Cardiovasculaire Geneeskunde.nl

Verminderde spiervetinfiltratie in voorste dijspier met GLP-1RA bij overgewicht en obesitas

Nieuws - 23 sep. 2022

Effect of liraglutide on muscle fat infiltration in adults with overweight or obesity: a randomized clinical trial

Gepresenteerd op de EASD annual meeting 2022 door: Ambarish Pandey- Dallas, TX, VS

Introductie en methoden

Traditioneel wordt algemene obesitas gedefinieerd als BMI ≥30 kg/m2. Obesitas is echter een heterogene aandoening met verschillende lichaamssamenstellingen en vetverdelingen. Regionale vetdepots spelen een belangrijke rol in de pathofysiologie die aan obesitas wordt toegeschreven. Naast abdominale vetdepots heeft vetweefsel in en rond skeletspieren belangrijke pathofysiologische effecten.
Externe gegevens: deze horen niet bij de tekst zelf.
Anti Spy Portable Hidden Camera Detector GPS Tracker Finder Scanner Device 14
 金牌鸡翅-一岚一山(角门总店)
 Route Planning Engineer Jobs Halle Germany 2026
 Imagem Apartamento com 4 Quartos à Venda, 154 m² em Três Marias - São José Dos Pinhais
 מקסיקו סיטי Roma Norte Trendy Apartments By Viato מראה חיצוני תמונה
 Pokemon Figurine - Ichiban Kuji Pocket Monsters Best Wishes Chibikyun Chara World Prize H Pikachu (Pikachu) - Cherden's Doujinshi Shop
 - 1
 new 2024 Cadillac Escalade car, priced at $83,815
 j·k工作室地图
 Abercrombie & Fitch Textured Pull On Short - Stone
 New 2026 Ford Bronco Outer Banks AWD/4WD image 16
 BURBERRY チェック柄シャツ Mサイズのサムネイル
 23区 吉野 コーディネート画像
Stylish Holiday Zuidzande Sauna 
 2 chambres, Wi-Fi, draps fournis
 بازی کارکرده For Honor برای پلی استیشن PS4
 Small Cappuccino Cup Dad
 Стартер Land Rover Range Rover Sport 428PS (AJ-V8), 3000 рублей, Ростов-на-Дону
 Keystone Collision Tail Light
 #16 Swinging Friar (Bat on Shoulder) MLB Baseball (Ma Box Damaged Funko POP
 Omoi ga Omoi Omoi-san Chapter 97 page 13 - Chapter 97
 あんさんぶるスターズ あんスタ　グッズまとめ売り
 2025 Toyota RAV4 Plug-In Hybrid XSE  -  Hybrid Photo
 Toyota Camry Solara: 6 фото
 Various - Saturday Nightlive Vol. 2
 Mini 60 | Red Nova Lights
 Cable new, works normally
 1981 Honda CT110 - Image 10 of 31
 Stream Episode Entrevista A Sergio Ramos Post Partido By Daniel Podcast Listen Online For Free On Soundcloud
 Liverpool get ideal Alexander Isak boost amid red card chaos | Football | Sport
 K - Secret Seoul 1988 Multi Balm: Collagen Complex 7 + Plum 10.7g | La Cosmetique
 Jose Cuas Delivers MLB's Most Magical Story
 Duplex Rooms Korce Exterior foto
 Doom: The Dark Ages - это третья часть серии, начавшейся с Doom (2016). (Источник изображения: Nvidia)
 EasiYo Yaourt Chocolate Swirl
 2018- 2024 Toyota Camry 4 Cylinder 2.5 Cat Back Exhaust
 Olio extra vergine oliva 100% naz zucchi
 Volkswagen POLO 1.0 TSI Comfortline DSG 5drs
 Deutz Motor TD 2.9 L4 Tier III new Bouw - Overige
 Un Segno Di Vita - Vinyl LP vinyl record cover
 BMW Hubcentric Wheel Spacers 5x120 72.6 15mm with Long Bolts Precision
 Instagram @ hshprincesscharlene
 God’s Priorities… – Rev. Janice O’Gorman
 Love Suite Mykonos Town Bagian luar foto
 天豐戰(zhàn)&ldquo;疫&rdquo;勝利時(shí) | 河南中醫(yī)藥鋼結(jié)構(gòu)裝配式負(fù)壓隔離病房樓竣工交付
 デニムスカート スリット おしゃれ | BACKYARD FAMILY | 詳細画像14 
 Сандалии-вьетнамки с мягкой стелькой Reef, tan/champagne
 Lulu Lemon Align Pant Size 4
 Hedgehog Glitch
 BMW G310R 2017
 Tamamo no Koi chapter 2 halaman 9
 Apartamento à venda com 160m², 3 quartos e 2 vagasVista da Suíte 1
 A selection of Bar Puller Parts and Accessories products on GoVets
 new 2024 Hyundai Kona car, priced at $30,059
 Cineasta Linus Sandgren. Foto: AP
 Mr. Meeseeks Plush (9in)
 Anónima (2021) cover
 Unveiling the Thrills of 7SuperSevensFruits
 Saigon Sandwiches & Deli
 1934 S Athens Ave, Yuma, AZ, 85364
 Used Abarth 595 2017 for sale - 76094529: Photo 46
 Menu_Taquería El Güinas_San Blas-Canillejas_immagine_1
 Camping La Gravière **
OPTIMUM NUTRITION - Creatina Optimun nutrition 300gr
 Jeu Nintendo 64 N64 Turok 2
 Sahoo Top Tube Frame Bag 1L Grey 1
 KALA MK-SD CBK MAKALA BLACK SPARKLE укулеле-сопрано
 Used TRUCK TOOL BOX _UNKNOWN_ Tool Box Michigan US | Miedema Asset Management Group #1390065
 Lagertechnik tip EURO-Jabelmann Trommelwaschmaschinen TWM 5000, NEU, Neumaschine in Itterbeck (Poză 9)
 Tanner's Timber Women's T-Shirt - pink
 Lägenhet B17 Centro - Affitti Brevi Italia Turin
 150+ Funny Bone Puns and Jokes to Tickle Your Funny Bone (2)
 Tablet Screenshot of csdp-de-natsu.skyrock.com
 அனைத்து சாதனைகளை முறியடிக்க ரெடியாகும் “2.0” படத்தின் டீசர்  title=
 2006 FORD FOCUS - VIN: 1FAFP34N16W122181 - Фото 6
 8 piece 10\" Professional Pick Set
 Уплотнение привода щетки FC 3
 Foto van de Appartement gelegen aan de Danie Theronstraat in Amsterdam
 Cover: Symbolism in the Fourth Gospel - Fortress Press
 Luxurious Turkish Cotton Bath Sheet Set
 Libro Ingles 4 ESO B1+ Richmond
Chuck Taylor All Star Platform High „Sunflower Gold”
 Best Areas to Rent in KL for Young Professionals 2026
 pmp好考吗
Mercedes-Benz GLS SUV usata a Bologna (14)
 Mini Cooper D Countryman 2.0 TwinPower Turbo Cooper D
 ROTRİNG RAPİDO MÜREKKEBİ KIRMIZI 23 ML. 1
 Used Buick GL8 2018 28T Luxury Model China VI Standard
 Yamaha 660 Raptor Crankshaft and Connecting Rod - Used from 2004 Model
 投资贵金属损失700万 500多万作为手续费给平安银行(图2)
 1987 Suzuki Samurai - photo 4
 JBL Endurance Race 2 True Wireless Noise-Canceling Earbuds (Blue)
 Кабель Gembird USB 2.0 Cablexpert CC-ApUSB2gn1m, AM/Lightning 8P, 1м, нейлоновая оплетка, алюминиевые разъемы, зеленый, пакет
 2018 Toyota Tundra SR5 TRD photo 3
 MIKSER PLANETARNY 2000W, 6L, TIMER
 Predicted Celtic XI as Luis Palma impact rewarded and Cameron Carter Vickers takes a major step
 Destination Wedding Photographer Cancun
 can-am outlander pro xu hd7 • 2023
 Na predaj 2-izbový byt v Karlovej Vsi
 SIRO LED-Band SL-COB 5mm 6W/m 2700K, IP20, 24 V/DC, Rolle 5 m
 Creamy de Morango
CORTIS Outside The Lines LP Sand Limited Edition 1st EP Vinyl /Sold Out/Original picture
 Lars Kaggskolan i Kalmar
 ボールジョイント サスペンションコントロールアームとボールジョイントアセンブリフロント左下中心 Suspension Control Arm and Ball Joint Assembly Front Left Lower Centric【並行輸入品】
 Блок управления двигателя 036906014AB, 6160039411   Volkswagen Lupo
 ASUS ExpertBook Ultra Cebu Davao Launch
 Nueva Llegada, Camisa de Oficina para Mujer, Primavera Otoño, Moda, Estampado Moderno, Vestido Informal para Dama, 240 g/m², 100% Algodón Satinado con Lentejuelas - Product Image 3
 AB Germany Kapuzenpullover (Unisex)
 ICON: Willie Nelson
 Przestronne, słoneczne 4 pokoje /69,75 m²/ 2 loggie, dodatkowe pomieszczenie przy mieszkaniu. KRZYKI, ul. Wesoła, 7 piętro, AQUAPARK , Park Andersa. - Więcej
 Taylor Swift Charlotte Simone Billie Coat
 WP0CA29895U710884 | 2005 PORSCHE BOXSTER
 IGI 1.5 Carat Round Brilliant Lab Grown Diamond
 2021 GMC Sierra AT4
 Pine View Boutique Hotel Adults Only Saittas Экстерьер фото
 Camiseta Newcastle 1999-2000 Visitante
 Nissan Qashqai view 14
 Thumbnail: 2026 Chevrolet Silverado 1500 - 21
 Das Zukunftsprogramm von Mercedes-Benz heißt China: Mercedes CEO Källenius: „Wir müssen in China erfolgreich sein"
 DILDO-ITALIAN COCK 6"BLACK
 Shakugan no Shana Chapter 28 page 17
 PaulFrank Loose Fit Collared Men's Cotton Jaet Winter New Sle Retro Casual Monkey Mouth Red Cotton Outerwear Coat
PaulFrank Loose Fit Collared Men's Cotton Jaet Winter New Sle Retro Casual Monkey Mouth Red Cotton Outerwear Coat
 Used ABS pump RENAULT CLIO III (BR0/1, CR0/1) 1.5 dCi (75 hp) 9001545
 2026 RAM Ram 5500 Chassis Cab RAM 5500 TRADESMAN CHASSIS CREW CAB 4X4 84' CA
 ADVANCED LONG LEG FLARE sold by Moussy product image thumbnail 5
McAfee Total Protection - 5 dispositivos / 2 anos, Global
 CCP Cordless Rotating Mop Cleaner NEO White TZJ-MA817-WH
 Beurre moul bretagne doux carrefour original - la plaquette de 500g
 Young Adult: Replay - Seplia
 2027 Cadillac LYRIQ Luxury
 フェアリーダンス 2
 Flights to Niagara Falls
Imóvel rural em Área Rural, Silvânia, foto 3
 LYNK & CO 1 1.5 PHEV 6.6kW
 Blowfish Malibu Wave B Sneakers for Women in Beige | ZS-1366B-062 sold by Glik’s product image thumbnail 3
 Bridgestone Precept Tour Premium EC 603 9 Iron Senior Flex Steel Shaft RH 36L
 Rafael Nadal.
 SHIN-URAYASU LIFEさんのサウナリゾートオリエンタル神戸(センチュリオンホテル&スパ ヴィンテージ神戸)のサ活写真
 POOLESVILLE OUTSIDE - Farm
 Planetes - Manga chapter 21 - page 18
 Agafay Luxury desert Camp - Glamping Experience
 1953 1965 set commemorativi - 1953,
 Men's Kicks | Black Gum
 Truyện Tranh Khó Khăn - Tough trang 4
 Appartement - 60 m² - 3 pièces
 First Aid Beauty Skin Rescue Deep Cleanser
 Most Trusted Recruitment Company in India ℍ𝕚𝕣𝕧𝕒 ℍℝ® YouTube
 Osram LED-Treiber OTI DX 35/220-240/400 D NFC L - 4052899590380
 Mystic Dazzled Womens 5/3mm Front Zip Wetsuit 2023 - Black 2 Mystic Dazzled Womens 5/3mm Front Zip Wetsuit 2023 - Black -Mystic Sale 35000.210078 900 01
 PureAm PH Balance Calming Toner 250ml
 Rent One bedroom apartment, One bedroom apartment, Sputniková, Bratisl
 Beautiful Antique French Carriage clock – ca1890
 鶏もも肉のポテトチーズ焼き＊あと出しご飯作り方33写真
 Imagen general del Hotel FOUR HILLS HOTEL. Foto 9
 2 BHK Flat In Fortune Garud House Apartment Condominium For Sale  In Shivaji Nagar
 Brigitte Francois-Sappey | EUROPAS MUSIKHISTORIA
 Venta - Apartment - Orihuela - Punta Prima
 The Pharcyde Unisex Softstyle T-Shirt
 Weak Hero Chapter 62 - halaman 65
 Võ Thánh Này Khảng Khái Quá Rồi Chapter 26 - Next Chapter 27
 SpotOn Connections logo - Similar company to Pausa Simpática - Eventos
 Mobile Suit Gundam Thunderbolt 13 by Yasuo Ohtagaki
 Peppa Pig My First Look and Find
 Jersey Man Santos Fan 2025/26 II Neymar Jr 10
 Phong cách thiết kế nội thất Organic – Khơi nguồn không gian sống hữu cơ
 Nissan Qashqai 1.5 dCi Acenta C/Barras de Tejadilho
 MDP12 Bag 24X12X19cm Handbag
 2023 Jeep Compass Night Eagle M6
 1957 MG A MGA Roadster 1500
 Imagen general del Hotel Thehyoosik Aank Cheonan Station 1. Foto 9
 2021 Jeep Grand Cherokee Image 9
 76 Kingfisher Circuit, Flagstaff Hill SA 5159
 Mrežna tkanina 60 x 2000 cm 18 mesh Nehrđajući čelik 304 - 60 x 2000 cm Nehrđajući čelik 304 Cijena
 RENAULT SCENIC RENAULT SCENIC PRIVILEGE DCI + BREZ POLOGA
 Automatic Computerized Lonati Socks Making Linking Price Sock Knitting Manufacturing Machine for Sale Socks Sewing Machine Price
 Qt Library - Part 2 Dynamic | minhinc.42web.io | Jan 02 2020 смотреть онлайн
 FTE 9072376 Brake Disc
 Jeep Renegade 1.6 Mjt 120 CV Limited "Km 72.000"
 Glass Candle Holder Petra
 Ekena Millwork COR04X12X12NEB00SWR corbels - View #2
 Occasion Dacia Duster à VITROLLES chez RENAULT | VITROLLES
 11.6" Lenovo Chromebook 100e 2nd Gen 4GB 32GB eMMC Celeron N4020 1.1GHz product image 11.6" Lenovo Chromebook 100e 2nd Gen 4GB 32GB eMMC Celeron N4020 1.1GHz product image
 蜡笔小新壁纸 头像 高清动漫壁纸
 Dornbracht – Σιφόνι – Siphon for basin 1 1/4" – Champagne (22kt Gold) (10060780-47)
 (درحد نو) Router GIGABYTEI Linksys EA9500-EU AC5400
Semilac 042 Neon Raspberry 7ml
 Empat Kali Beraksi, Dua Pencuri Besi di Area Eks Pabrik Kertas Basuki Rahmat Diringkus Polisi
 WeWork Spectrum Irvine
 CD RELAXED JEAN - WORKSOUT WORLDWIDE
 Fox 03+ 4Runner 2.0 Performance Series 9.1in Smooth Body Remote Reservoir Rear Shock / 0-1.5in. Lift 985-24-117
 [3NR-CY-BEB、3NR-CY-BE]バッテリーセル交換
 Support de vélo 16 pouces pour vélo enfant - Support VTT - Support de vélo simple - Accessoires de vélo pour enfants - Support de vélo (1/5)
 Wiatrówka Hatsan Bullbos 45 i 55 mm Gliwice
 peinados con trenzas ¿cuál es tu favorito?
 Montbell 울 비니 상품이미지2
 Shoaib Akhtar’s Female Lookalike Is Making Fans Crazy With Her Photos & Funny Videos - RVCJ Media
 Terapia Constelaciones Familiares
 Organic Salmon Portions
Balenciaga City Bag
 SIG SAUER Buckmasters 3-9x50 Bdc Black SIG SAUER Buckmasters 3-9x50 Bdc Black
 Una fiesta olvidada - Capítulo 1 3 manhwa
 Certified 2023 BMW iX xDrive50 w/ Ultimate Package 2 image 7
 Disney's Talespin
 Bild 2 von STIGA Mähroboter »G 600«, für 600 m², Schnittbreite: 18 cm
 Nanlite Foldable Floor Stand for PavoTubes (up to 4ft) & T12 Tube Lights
Dit werd aangetoond in een recente studie met data van het Health ABC-cohort. Hogere niveaus van intra- en intermusculair vet werden geassocieerd met metabool syndroom, obesitas en verhoogde depots van visceraal vetweefsel (VAT). Wanneer naar uitkomsten werd gekeken, was alleen intramusculair vet geassocieerd met een hoger risico op HF (17% hoger risico per 1 SD hogere hoeveelheid intramusculair vet).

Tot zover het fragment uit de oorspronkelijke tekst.